In the course of her long and distinguished medical career, Margaret D. Craighill served as dean of the Woman's Medical College of Pennsylvania, and became the first woman physician to become a commissioned officer in the United States Army.
Born in Southport, North Carolina, in 1898, Craighill graduated Phi Beta Kappa from the University of Wisconsin in 1921, and earned an M.S. degree there the following year. She then enrolled in the Johns Hopkins University School of Medicine after a brief stint as a physiologist in the chemical warfare department at the Army's Edgewood (Maryland) Arsenal. Completing her medical studies in 1924, she held a series of postgraduate positions in gynecology, surgery, and pathology at Johns Hopkins Hospital and Yale Medical School.
From 1928 to 1937, Craighill was a private assistant in general surgery to Dr. J. A. McCreery at Bellevue Hospital in New York. During this time she also maintained a private practice in obstetrics and gynecology in Greenwich, Connecticut, and was an assistant surgeon and attending gynecologist at Greenwich Hospital.

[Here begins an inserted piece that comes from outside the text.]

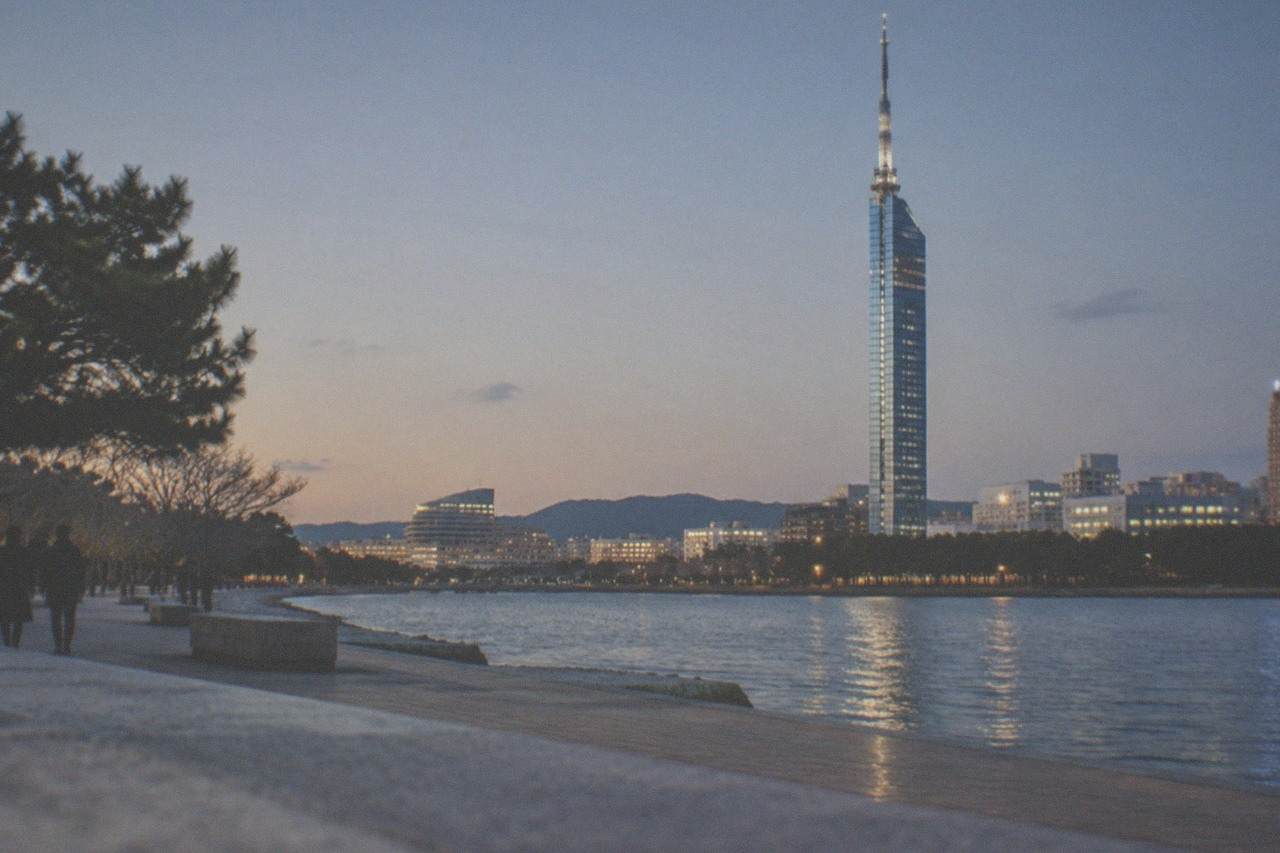 Fukuoka city skyline at dusk in winter with Fukuoka Tower lit up against a clear evening sky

Craighill became associated with the Woman's Medical College of Pennsylvania in Philadelphia in September 1940 when she was appointed acting dean. Spearheading reforms, Craighill enacted a comprehensive progressive plan that affected the school's medical curriculum, student-faculty relations, and teaching hospital. With America's entry into World War II in 1941, however, Craighill relinquish at her civilian duties for active military service.
On April 16, 1943, President Franklin D. Roosevelt signed into law the Sparkman-Johnson Bill, allowing women to enter the Army and Navy Medical Corps. One month later, Craighill became the first woman doctor to receive an Army commission. Major Craighill was assigned to serve as a liaison with the newly established Women's Army Corps (WACS). In the course of her duties she traveled 56,000 miles, visiting war zones in England, France, Italy, the African Gold Coast, Egypt, Iran, India, China, New Guinea, and the Philippines. Reporting on the condition of 160,000 Army nurses and WAC personnel, Craighill challenged the persistent notion that American women were unsuited to a military role, noting that they were performing remarkably well in extreme climates and challenging work conditions. She also was responsible for instituting regular physical exams for servicewomen. In recognition of her exemplary wartime service, Craighill was promoted to the rank of lieutenant colonel and awarded the Legion of Merit.
When the war ended in 1945, Craighill became a consultant on women veterans' medical care, the first position of its kind within the Veterans Administration. After a brief return to Woman's Medical College, she entered the first class of the Menninger School of Psychiatry in Topeka, Kansas. Later, she re-established her private practice in Connecticut, and was named chief psychiatrist in residence at the Connecticut College for Women in New London. Craighill died in 1977 at the age of 78 in Southbury, Connecticut.